But it's pointless to argue with the extremists that either believe it's just a planet killing stochastic parrot or that it's on the verge of becoming Skynet. I mean if someone puts their nuclear arsenal under the control of openclaw, that's dark comedy although it will seem like tragedy at the time because comedy equals tragedy plus time according to Lenny Bruce.

But the AI bubble is probably real w/r to shoe companies and grocery stores pivoting to AI and ludicrous w/r to the money that can be made by the already entrenched players just riding the wave of deployment and specialization. But wouldn't it be nice if the US spent more money addressing the shortage of compute rather than blowing $h!+ up for the lulz?

> But wouldn't it be nice if the US spent more money addressing the shortage of compute rather than blowing $h!+ up for the lulz?

No actually. The best way to ensure growth is in exactly these kind of industries that promote innovation. Sure some companies don't make it but that's the price to pay for risks.

This is a classic case of optimising for the short term and forgetting the long term benefits

So you're saying starting opt-in wars and blowing shit up is sound economic policy for the long run? Gonna disagree. I think the long view is unbounded compute. But I also believe it doesn't take up all that much space, and that we already have the technology to power it if we weren't squandering our impulse cash on dumb shit like subsidizing coal and wars of peacocking.

Where did I suggest starting opt-in wars?
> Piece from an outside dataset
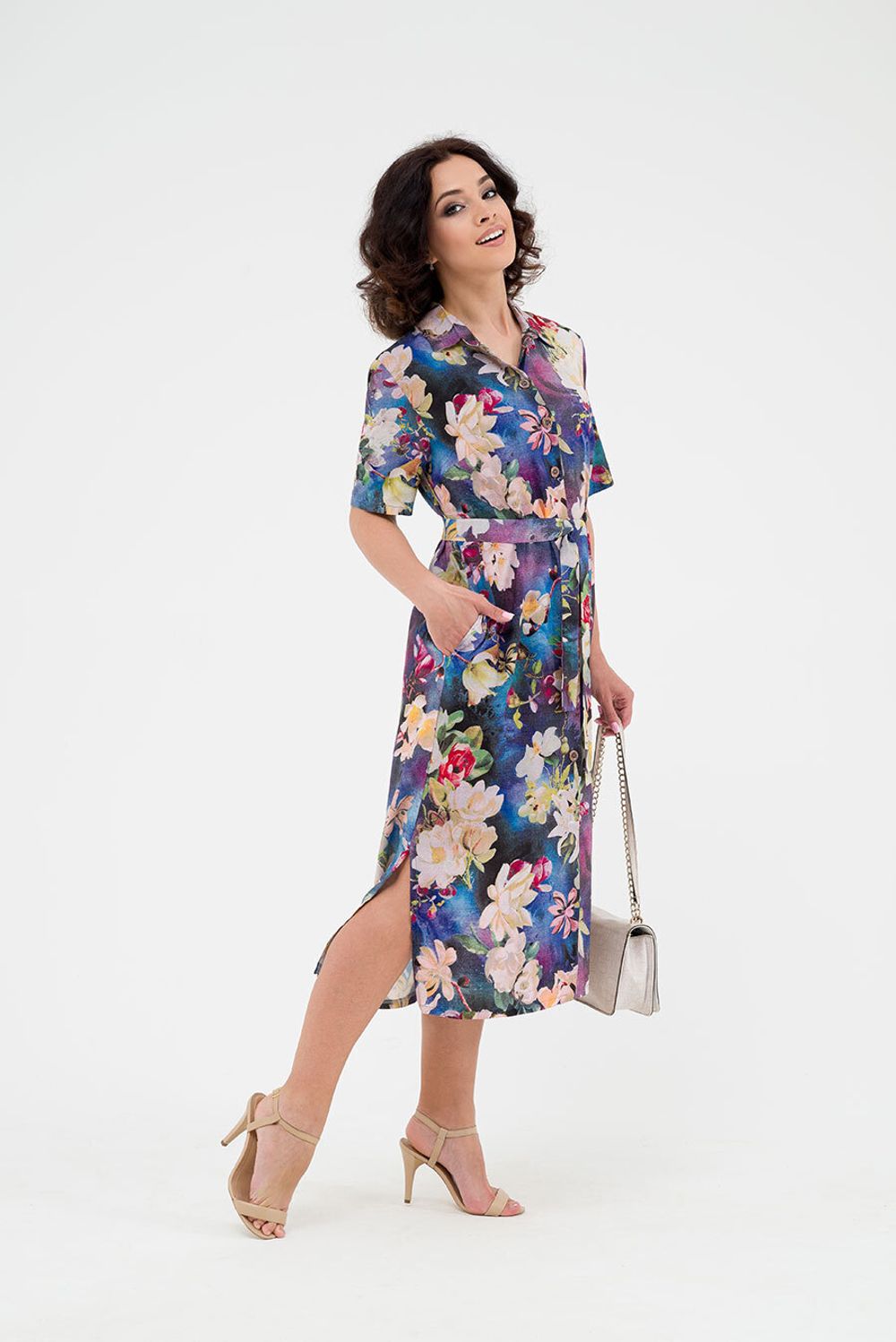 Платье-рубашка Джорджия (46-56) Serenada цветы (Акция)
What did you think I meant by blowing $h!+ up? And I gather you are against strategies like China's w/r to building up their own separate tech infrastructure and going all in on renewables and nuclear so they aren't power-limited because you believe these should both be entirely free market operations?

I believe that gives countries that act like China a significant advantage over relying entirely on a bunch of antagonistic billionaire monkeys banging on their economies in the hopes of bringing the singularity somehow. Again, we can agree to disagree here. But we're also forgetting that this is how the United States made Elon Musk happen in the first place.